Metal detectorists are really happy that they have the British Museum on their side as "partners". The "Britain's Got Treasure" presenter Bettany Huuighes let slip the other day that a report is to be published in January by the British Museum which says that "an increasing number of people" are waiving their right to claim a reward for Treasure finds acquired by museums. The detectorists are revelling in self-satisfaction (for example: “Keep the Cash” say Detectorists! John Winter blog 8 December 2013).  There is not a little superficiality in the way these statisticss are being presented. Let's take a closer look. This is what the British Museum and Ed Vaizey (UK Minister for Culture, Communications and the Creative Industries) said a year ago about this in the Treasure Annual Report 2010 (see also here):
2010 was a record year, with the number of potential Treasure finds reported increasing to 860 in England and Wales, a 10.5% increase since the previous year. Of these items, 299 have been (or are to be) acquired by museums. It is especially satisfying that the number of interested parties waiving their right to a reward for Treasure finds remains high, with 86 individuals waiving their share in 70 cases. These donations have allowed 37 museums to acquire finds that may otherwise have not been available for the public to study and enjoy.
1) The suggestion that it is a "great success" that only 34.7% of the "Treasure" finds (and a much, much smaller number of the non-Treasure finds) end up, properly documented and curated in a museum is a rather strange notion. It means that over 65% of the hoiked archaeological finds falling into this category are not ending up being properly curated, because they are returned to the landowner and finder to dispose of as they please. If they are (as many are) items pulled from undocumented archaeological contexts below plough level, then this is nothing short of reward-driven wanton destruction (in other words, looting) of the archaeological record. And the Minister of Culture calls this a "success". Bonkers Britain.

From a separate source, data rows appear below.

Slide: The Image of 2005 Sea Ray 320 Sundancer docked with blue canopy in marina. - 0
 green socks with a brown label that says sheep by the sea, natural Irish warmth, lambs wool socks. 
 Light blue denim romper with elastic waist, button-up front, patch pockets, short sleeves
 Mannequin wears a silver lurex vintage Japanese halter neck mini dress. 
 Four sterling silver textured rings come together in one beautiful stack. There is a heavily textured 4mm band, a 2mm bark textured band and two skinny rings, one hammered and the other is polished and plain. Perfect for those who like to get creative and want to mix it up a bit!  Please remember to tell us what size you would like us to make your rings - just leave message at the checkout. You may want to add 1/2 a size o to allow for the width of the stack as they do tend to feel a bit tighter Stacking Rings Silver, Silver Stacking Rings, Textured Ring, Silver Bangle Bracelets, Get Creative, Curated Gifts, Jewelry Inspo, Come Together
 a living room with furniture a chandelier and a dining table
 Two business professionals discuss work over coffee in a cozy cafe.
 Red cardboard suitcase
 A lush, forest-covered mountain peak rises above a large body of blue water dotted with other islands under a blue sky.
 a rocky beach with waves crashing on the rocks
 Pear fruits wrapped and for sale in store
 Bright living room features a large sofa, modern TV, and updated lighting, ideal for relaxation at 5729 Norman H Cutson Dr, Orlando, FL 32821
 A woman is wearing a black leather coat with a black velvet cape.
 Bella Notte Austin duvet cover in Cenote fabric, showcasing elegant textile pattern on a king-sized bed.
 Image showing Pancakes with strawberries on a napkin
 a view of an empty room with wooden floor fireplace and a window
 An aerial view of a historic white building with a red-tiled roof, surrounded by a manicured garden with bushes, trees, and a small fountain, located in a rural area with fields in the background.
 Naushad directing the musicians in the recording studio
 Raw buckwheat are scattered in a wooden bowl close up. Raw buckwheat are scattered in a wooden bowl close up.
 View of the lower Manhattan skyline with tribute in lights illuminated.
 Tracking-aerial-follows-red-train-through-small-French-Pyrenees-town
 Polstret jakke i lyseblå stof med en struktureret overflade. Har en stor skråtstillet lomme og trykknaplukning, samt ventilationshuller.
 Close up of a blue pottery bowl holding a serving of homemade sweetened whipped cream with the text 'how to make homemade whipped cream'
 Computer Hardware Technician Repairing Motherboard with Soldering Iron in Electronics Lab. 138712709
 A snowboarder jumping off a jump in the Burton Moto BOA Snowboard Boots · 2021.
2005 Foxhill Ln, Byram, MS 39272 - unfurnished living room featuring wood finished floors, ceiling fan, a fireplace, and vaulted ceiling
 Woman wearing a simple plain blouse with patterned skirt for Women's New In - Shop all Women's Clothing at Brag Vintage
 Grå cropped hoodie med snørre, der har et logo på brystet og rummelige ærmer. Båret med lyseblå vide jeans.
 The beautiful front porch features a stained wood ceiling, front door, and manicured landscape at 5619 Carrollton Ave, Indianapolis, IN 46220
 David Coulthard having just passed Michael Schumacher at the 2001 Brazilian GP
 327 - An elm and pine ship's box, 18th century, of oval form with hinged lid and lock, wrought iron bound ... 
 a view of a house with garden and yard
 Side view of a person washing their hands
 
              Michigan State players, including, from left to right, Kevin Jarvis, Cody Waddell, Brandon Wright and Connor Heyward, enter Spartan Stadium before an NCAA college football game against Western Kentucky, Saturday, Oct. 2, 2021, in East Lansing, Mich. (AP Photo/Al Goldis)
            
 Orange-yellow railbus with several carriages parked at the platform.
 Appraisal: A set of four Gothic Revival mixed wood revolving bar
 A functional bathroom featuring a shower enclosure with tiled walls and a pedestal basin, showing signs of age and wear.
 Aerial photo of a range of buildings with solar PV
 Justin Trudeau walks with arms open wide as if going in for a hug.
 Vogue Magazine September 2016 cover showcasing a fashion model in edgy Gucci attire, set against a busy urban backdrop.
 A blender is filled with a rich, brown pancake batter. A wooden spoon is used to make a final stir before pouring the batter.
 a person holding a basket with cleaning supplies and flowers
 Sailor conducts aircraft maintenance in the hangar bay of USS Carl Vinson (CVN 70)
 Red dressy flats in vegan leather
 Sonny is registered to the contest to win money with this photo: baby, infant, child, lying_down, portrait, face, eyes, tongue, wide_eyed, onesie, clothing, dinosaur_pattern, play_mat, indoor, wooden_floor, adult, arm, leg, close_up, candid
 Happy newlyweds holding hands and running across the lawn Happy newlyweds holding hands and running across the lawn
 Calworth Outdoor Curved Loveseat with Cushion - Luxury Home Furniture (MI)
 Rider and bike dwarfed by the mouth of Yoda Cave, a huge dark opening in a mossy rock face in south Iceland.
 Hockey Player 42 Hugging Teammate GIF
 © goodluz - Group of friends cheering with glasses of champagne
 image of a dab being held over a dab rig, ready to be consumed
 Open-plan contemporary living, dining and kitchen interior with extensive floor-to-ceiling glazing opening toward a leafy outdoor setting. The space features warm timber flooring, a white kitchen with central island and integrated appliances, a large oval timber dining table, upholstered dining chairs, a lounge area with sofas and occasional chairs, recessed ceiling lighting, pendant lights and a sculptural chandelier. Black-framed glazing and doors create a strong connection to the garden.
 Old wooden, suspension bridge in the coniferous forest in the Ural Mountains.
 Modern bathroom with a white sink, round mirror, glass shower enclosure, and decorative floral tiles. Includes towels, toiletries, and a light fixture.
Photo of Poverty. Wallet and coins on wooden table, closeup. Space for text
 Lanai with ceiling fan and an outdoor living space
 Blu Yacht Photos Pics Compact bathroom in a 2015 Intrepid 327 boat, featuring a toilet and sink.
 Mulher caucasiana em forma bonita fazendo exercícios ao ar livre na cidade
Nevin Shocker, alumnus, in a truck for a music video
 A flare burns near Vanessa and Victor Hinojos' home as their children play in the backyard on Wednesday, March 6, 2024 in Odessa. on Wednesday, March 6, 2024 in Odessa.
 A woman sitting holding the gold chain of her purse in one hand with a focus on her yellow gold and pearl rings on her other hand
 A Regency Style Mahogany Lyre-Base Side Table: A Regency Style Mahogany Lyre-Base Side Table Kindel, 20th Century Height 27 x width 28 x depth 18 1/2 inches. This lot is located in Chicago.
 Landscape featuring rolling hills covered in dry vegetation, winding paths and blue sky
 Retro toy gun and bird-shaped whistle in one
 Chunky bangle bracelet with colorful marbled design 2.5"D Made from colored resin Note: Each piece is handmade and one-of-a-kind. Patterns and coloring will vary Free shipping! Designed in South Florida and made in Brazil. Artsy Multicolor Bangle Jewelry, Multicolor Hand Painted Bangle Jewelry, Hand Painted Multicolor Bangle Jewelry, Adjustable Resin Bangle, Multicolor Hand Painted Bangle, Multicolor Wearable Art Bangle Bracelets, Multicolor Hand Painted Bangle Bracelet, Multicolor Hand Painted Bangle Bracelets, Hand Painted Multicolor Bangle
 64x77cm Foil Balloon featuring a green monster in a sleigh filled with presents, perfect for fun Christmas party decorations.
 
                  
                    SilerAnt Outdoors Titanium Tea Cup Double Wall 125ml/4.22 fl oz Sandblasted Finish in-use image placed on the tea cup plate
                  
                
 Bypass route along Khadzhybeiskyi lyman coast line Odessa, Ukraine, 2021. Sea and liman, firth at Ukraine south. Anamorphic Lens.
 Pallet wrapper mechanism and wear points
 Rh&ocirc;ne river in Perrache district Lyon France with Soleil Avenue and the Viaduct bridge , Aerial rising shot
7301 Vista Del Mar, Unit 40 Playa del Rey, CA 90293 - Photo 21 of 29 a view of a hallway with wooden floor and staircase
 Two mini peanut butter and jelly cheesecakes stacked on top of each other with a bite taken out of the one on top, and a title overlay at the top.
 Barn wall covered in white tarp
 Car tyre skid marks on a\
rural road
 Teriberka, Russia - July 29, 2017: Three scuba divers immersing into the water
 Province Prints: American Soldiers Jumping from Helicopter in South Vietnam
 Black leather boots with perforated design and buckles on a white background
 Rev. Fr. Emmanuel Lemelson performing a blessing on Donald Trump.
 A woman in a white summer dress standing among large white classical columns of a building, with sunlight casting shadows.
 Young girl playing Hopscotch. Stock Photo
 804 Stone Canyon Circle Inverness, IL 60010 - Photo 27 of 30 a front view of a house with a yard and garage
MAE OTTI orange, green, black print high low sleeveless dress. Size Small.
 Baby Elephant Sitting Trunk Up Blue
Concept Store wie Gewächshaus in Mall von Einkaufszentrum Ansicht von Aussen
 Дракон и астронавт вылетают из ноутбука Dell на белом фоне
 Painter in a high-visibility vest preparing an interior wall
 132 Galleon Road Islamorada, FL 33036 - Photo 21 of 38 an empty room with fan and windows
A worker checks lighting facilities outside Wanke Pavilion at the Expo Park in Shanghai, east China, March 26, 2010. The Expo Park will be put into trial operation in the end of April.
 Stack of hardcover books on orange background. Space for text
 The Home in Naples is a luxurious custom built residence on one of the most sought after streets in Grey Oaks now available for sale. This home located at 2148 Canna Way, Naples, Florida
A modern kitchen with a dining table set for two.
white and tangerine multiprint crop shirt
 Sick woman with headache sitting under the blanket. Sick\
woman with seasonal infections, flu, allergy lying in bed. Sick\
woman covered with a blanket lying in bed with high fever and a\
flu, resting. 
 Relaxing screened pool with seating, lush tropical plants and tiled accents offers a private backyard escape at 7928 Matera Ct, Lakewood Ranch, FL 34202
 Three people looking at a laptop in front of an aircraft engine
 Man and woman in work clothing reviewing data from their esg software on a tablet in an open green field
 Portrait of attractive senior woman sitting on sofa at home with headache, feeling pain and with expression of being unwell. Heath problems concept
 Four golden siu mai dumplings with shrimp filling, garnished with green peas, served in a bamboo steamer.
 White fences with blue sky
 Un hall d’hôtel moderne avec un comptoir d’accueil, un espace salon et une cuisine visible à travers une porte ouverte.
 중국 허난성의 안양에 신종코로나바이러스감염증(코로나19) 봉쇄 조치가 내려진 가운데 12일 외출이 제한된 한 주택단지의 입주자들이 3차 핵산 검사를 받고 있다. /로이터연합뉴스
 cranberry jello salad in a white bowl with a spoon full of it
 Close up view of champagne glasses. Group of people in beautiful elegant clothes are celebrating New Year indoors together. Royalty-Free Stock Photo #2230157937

So, how does this look on a longer-term perspective? If we look at the information publicly available for England and Wales over the past few years, the breakdown is as follows (2005-6 figures modified as per 2007 report):
2005: 197  objects acquired in 592 Treasure cases
2006: 119 objects acquired in 665 Treasure cases
2007: 249+ objects acquired in 747 Treasure cases
2008: 265 objects acquired in 806 Treasure cases
2009: 261 objects acquired in 778 Treasure cases
2010: 299 objects acquired in 860 Treasure cases
What that means is an the last five years for which figures are available,  4448 items or groups of items have been subjected to the Treasure process, and of them, only 1392 (31%) have been acquired by museums. The other 3056 (69%) have slipped through the system. In the latter cases the finder does not even get offered a reward, they and the landowner get the finds back to flog off, add to their collection or send off for melting down, do what they want with them.

2) What should be noted is that the totals do not reflect the full story, in 2005-2006 according to the BM figres, of the total, "282 new Treasure finds have been, or are being, acquired by museums across the country, while 557 have been disclaimed, 206 were deemed not to be Treasure and 212 cases are still to be determined" [of the latter 34 were subsequently acquired, it seems the rest were disclaimed]. In 2007 (report p. 8) the breakdown of figures was similar: "303 new Treasure finds have been, or are being, acquired by museums, 306 have been disclaimed, 124 were deemed not to be Treasure and 14 cases are still to be determined".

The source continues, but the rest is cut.